By:
mryash
on 1:17 AM
By Brian Milligan
Personal Finance reporter
Since he launched his own fund exactly a year ago, Neil Woodford has delighted investors with an 18% return on their cash.
By contrast, the average share on the London stock exchange - up to the end of last week - had risen by just 2%.
Mr Woodford, who judges success over decades rather than years, is doing everything he can to dampen down the euphoria.
"It's far too early to conclude that the fund's strategy has worked," he says.
On the personal qualities needed in a good fund manager, he is equally understated.
"I would suggest that a healthy balance between arrogance and humility is helpful," he says.
Colleagues are less equivocal.
"He's arguably the best fund manager of his generation," says Mark Dampier, research director at Hargreaves Lansdown.
His view is based on Mr Woodford's long-term record - 25 years of market-beating returns.

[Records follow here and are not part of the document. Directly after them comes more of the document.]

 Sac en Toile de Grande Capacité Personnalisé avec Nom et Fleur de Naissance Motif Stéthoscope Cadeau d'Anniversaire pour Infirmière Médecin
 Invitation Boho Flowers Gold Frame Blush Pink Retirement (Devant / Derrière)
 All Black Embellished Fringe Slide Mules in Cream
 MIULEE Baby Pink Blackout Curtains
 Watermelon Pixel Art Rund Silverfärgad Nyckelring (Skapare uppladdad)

To many, he looks like the man who just can't stop making money.
'High single digits'
Neil Woodford is not the best fund manager in the country over the last year. In fact, he currently comes in at number 235 out of more than 1500 in a league table produced by Financial Express (FE).But his performance is the best in the Equity Income sector - a part of the industry that aims to provide investors with a regular income.
However, to get a true measure of the man, Woodford fans say you need to take into account his record at his previous employer, Invesco Perpetual. Anyone investing a pension fund of £10,000 with him 27 years ago - and then following him to his new fund - would now have £309,000. (Figures to end of May 2015).

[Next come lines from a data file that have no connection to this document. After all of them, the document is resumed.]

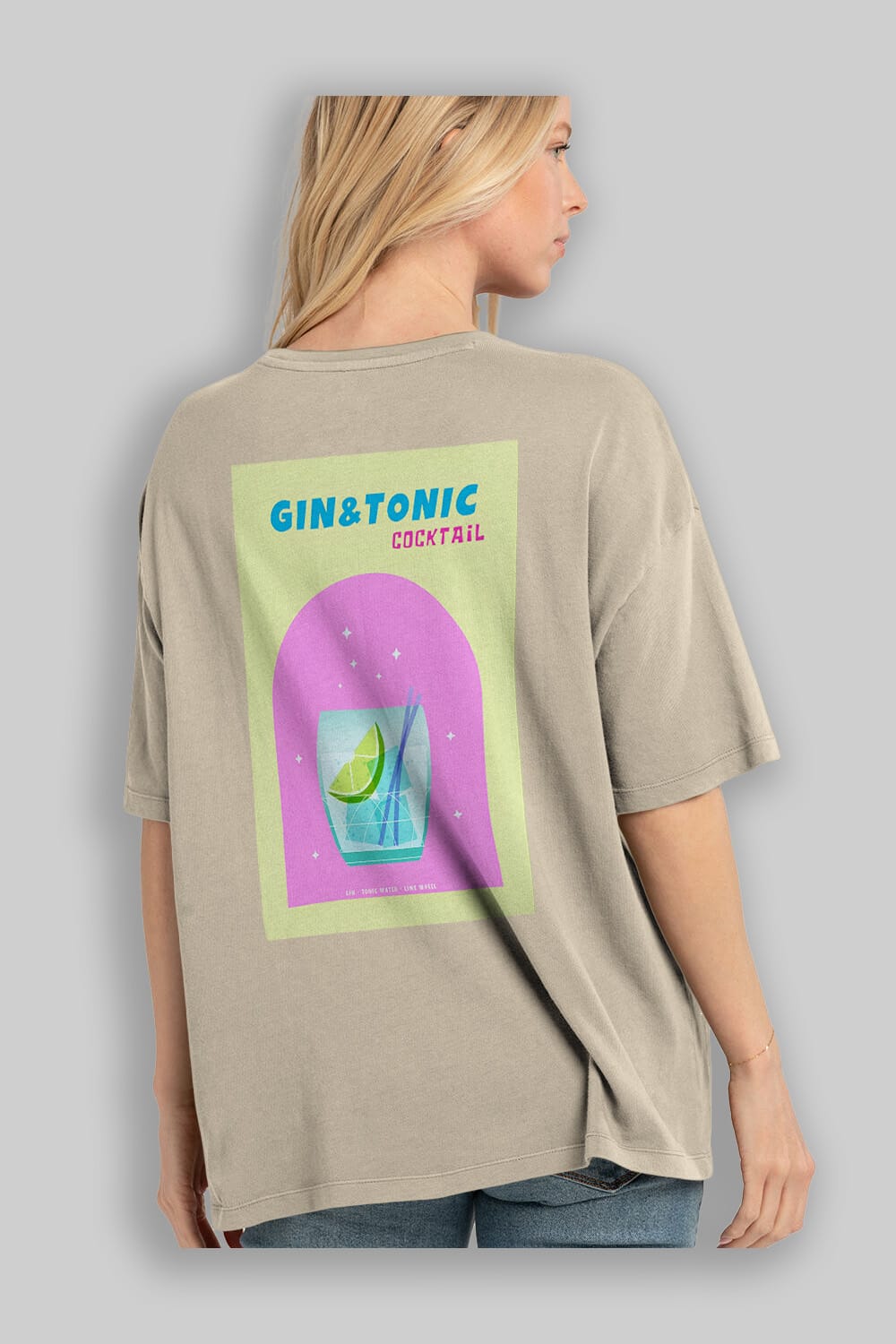 Gin Tonic Cocktail Arka Baskılı Oversize t-shirt Erkek Kadın Unisex %100 Pamuk Bisiklet Yaka tişort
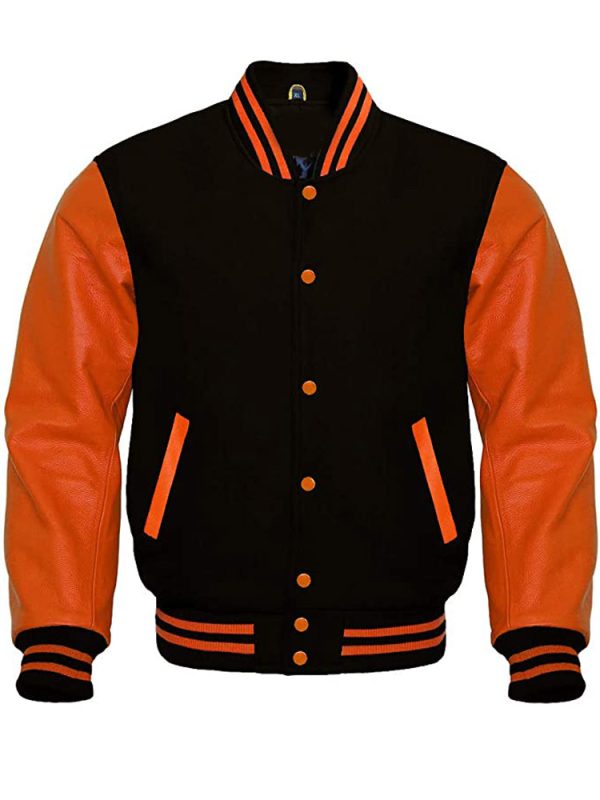 Men’s Black and Orange Bomber Wool Varsity Jacket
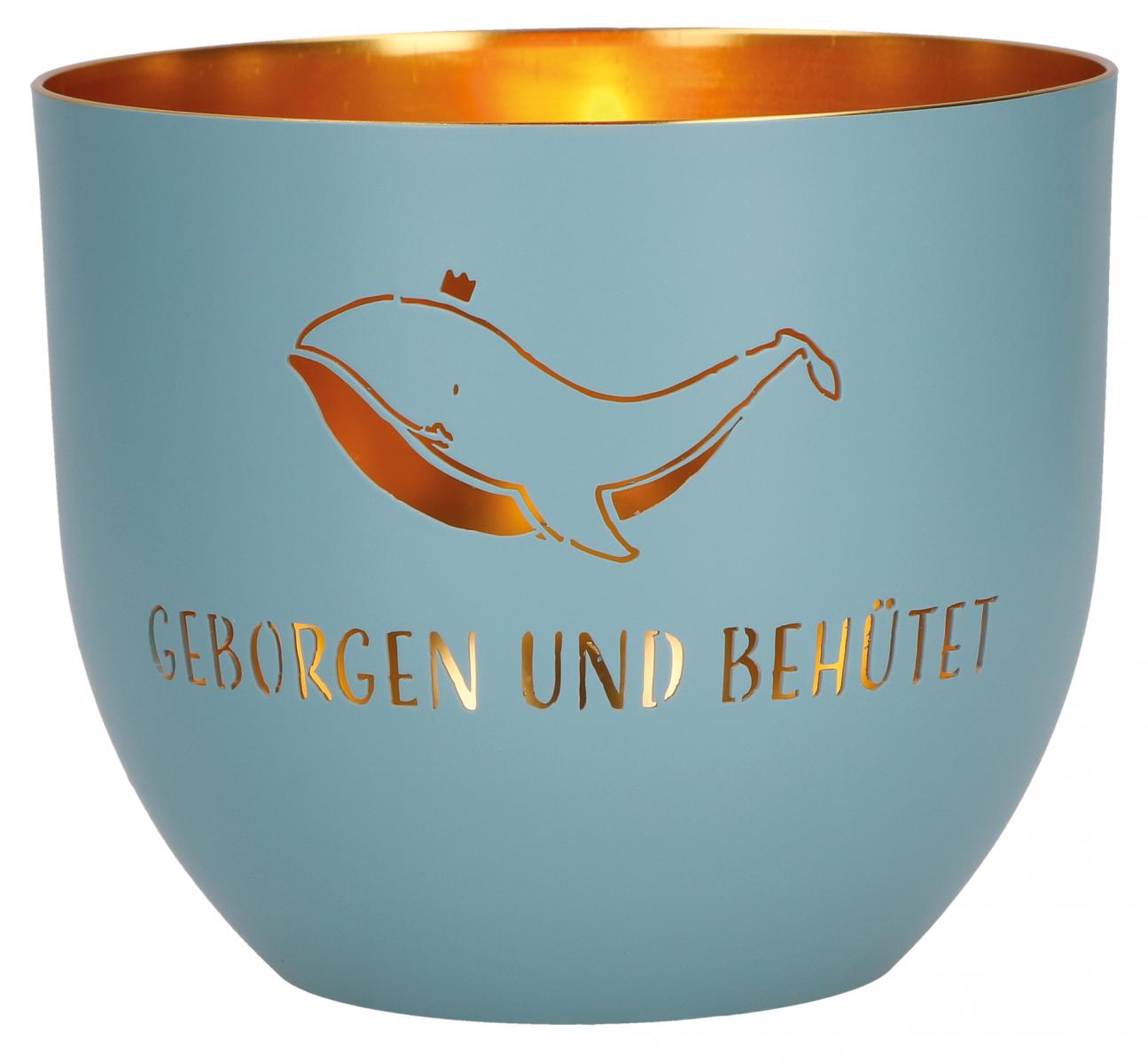 Metallwindlicht - Geborgen und behütet & Blau Metallwindlicht - Geborgen und behütet & Blau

Had they invested the money across the stock market as a whole, they would only have £117,000.
The danger of doing so well is that investors have high expectations - expectations which Woodford is trying to rein in.
He says his aim is to deliver "high single-digit" returns every year, averaged out over three to five years.
"We hope to deliver more than this, but this is the target against which we expect to be judged," he says.